HMC degrades somewhat gracefully, nondifferentiable points mostly just make it behave more like Metropolis-Hastings and not fail completely.
what about distributions like the double monomial distribution, (see the pic above) which has an “elbow”. is it the same issue even if it’s differentiable?
In practice the integrator cannot resolve features much smaller than the step size so how sharp the “elbows” are matters more than whether something is technically differentiable.
Just to add a bit more detail – the dynamic Hamiltonian Monte Carlo sampler used in Stan generates transitions by first creating a numerical Hamiltonian trajectory and then selecting a point from that trajectory based on the Hamiltonian error. If the numerical Hamiltonian trajectory closely matches the exact Hamiltonian trajectory then all points will have reasonably small error and points far away from the initial point will be just as likely to be chosen as points close to the initial point. This is what leads to such effective transitions.

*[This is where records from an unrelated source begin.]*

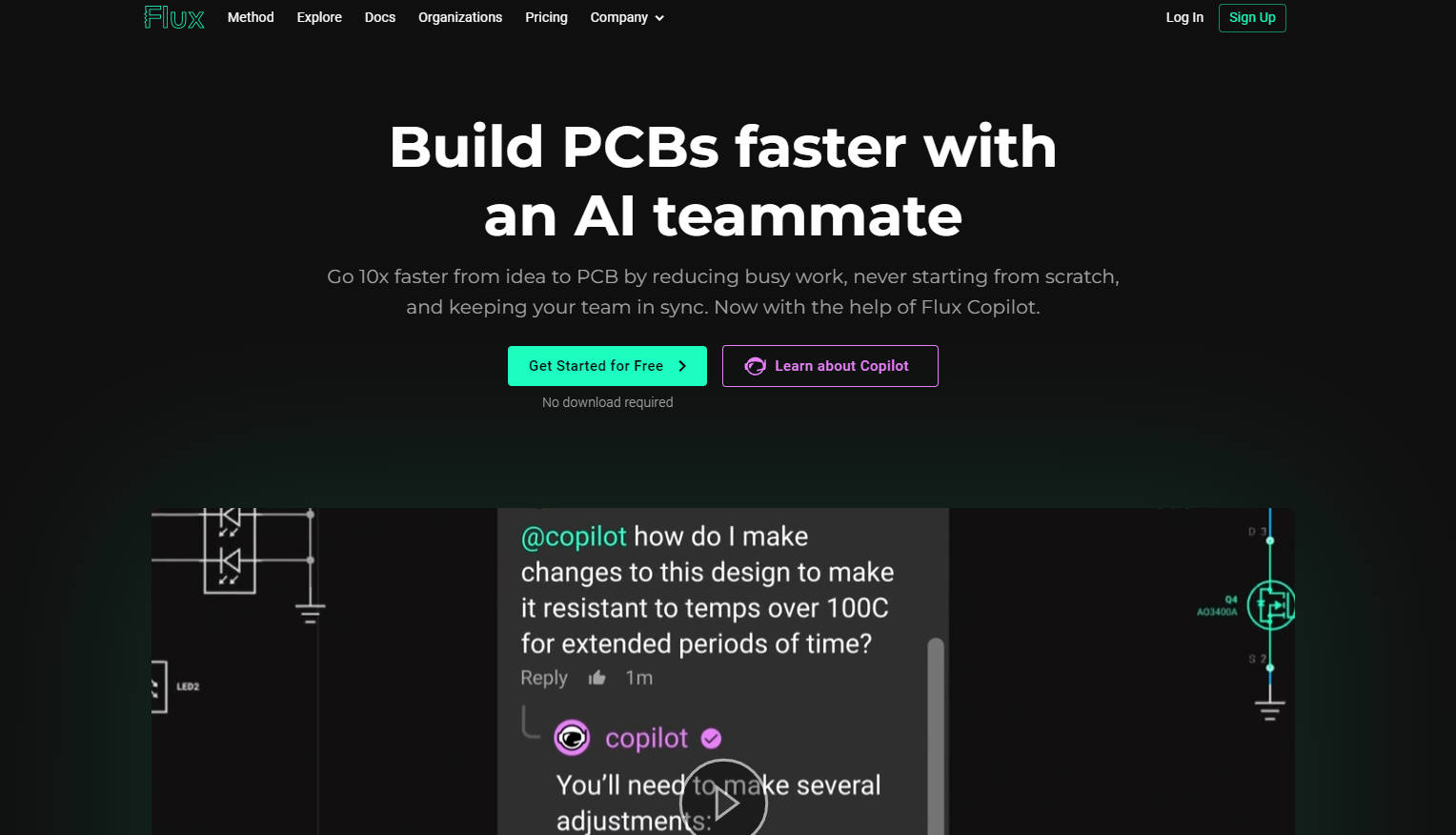 Flux Copilot gallery image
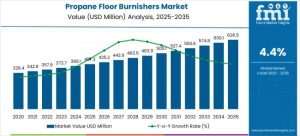 Propane Floor Burnishers Market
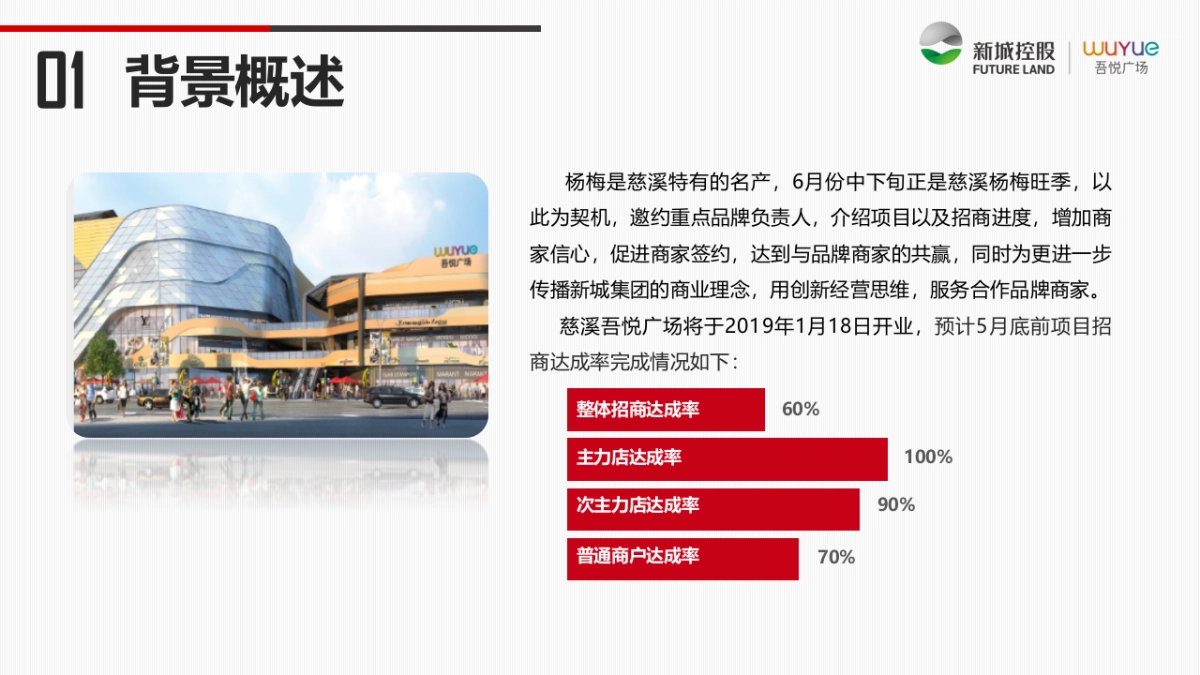 慈溪吾悦广场品牌尊享会策划案_第3页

Any non-differentiable cusps in the target density function, however, cause the numerical Hamiltonian trajectory to strongly deviate from the exact Hamiltonian trajectory and any points in the numerical trajectories generated after encountering the cusp will be chosen only with negligible probability. In other words transitions will be limited to only those points generated before encountering the cusps, which tend to be very close to the initial point.
A single point at which the target density is non-differentiable may not sound like a significant problem, but it is. The problem is that the numerical Hamiltonian trajectories need to take the cusp into account not just every time they land on the cusp but rather every time they pass by the cusp. Even if numerical trajectories will never land on the cusp they will pass it often, resulting in the degraded sampling performance.

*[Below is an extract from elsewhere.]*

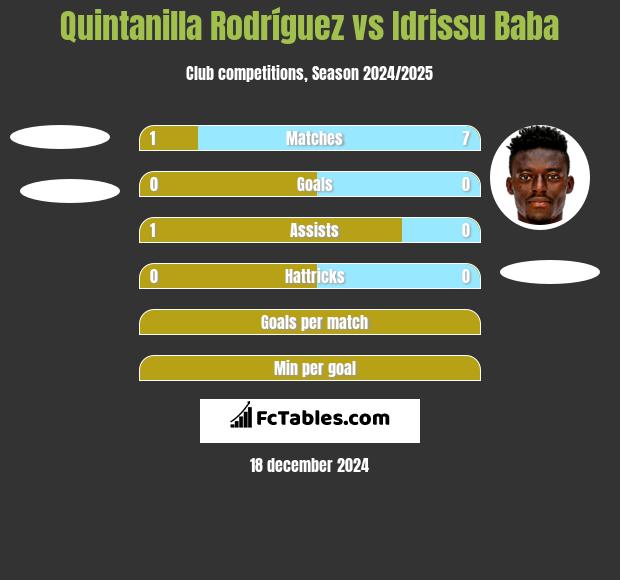 Quintanilla Rodríguez vs Idrissu Baba h2h player stats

I’m not sure on what Wolfram Alpha is relying here but that density function absolutely isn’t differentiable at t_{0}. For t < t_{0} the derivative is positive and non-zero while for t > t_{0} the derivative is negative and non-zero. No matter how the density function is define at t_{0} these two behaviors cannot be connected.
If your target density function is defined entirely by this double monomial density function then yes there will be degraded sampling performance, although it might still be high enough to be okay in any given application. If this target density function is being used as a prior model or observational model, however, then the other contributions to the target density function might wash out the cusp or suppress the total target probability around the cusp so that it’s encountered only rarely.
Similar issues arise, for example, with Laplace prior density functions.
It can be both, depending on the severity of the discontinuity and how the parameters configure the shape of the density function.
Even though the discontinuity appears to be one-dimensional in the plots of the observational density it will manifest in a much more complicated discontinuity likelihood function over the parameter space, where the latent parameters may have to move in correlated ways to cross the peak. Each observation will also introduce it’s own discontinuity here the peak passes the observation, and so the total posterior will have lots of discontinuities. This can not only limit how quickly the sampler can move from one part of the typical set to another, it can also prevent sufficient exploring at all.
SBC can definitely help, although if the bias is small the SBC deviations might be hard to resolve without lots of simulations.
I tried reasoning through some behaviors that you could check against but I can’t convince myself if they’d actually work or not. Mathematically the discontinuities will always be there, but the posterior distribution might concentrate sufficiently far away from from the discontinuities that their effects are negligible (like suppressing undesired modes with a strong prior model --they never actually go away, you just make them small enough to be negligible). The challenge is figuring out where the discontinues in the parameter space arise and then comparing that to the posterior, which is nontrivial.